▶ What this task involves
For each record, copy the text exactly and omit any picture it holds.

BEGIN

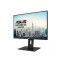 Monitors ASUS BE24WQLB 24" (90LM04V1-B01370) - foto 4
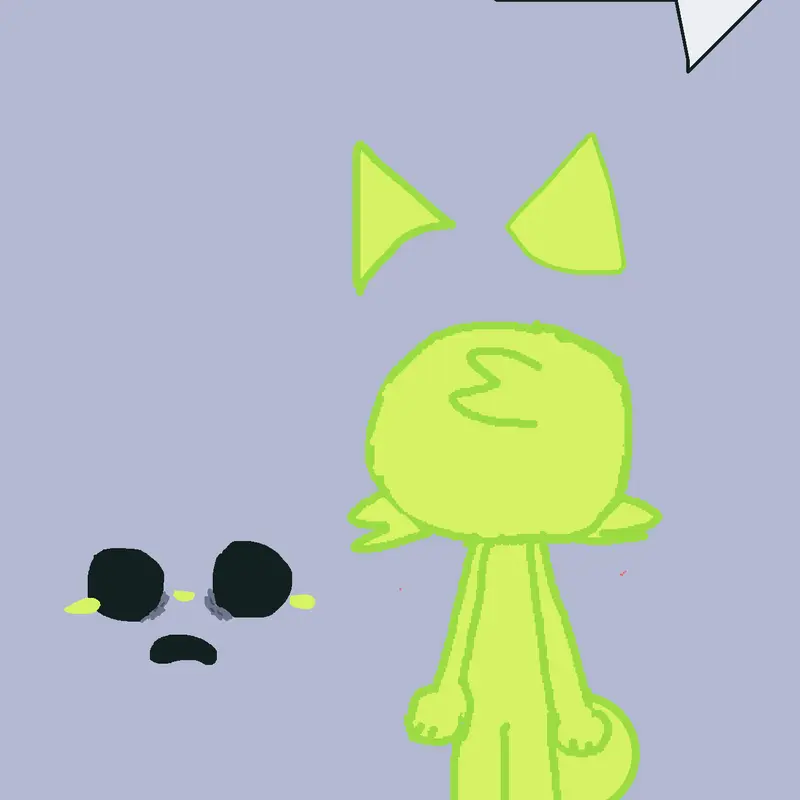 Game by @goob_scraps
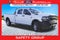 2024 RAM 3500 Tradesman CREW CAB 4X4 V8 6.7L CUMMINGS TURBO DIESEL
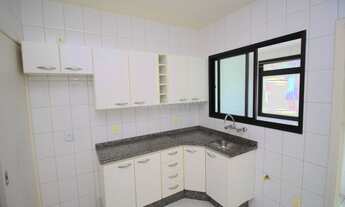 Imagem 6: FLORIANóPOLIS - Padrão - Trindade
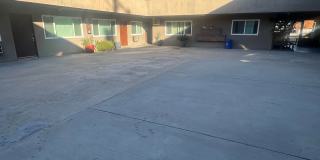 BSM Management Gallery 16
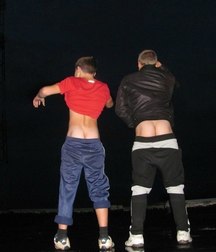 with the pants down 5c08332b9e8bd.jpg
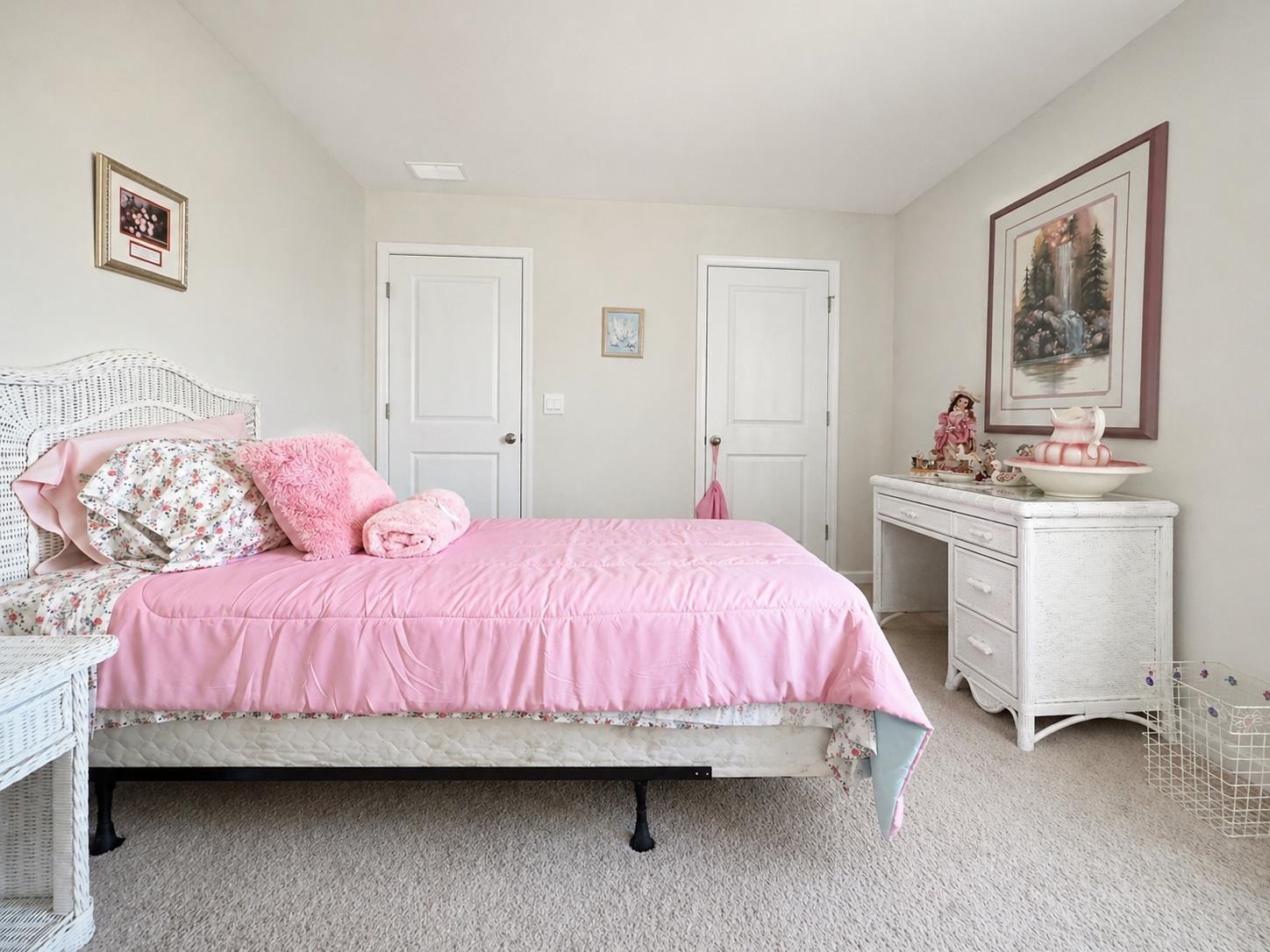3681 Bells Lake Circle
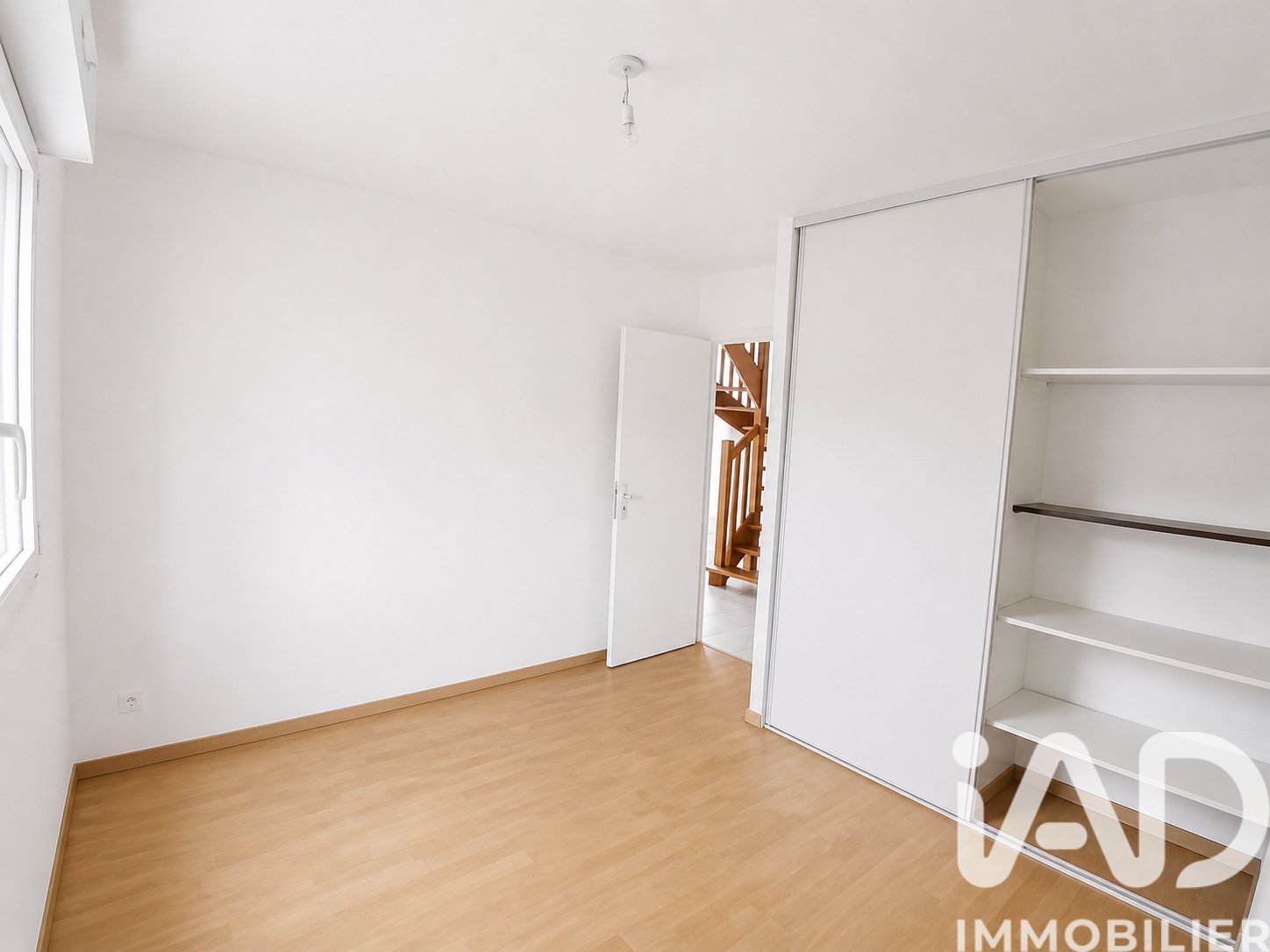 Maison à vendre, 110m², Concarneau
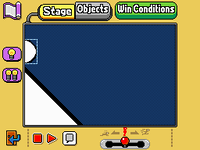 WWDIY Technique 09.png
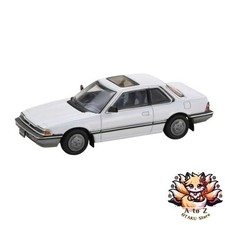 Carburateur Honda PRELUDE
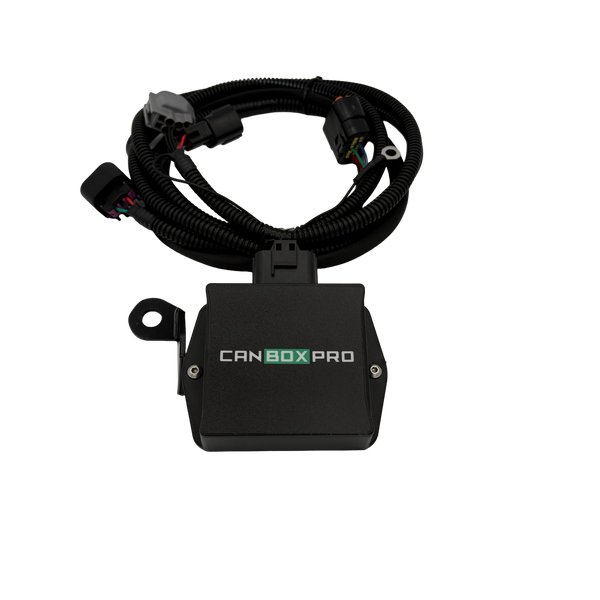 brz-frs-gt86-flex-fuel-electronics-canboxpro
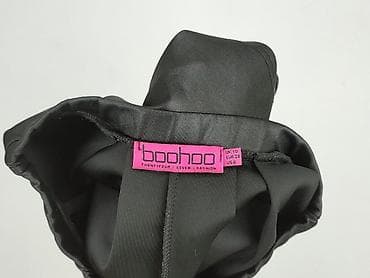 spódnice cekinowe mini: Boohoo, Spódnica damska, rozmiar M — 6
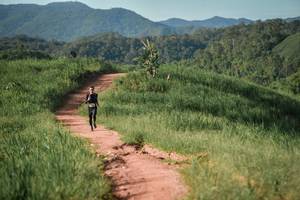 BIB: 
                            <button type="button" onclick="openModal(13223614)" class="btn btn-primary btn-sm float-right btn-popup" data-toggle="modal" data-target=".modal-high-quality">
                        <i class="fas fa-shopping-cart"></i> Add to Cart
                    </button>
                                            <button type="button" onclick="isThisMe(13223614, true)" class="btn btn-success btn-sm float-right btn-popup btn-isme hidden" data-toggle="tooltip" data-placement="bottom" title="นี่คือรูปของคุณใช่ไหม คลิกที่นี่เพื่อเอาเข้าอัลบั้ม">
                        <i class="fas fa-plus"></i> Add to album
                    </button>
                    <button type="button" onclick="isThisMe(13223614, false)" class="btn btn-warning btn-sm float-right btn-popup btn-isnotme hidden">
                        <i class="fas fa-ban"></i> Remove from album
                    </button>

END

▶ Exercise output
 Monitors ASUS BE24WQLB 24" (90LM04V1-B01370) - foto 4
 Game by @goob_scraps
 2024 RAM 3500 Tradesman CREW CAB 4X4 V8 6.7L CUMMINGS TURBO DIESEL
 Imagem 6: FLORIANóPOLIS - Padrão - Trindade
 BSM Management Gallery 16
 with the pants down 5c08332b9e8bd.jpg
3681 Bells Lake Circle
 Maison à vendre, 110m², Concarneau
 WWDIY Technique 09.png
 Carburateur Honda PRELUDE
 brz-frs-gt86-flex-fuel-electronics-canboxpro
 spódnice cekinowe mini: Boohoo, Spódnica damska, rozmiar M — 6
 BIB: 
                            <button type="button" onclick="openModal(13223614)" class="btn btn-primary btn-sm float-right btn-popup" data-toggle="modal" data-target=".modal-high-quality">
                        <i class="fas fa-shopping-cart"></i> Add to Cart
                    </button>
                                            <button type="button" onclick="isThisMe(13223614, true)" class="btn btn-success btn-sm float-right btn-popup btn-isme hidden" data-toggle="tooltip" data-placement="bottom" title="นี่คือรูปของคุณใช่ไหม คลิกที่นี่เพื่อเอาเข้าอัลบั้ม">
                        <i class="fas fa-plus"></i> Add to album
                    </button>
                    <button type="button" onclick="isThisMe(13223614, false)" class="btn btn-warning btn-sm float-right btn-popup btn-isnotme hidden">
                        <i class="fas fa-ban"></i> Remove from album
                    </button>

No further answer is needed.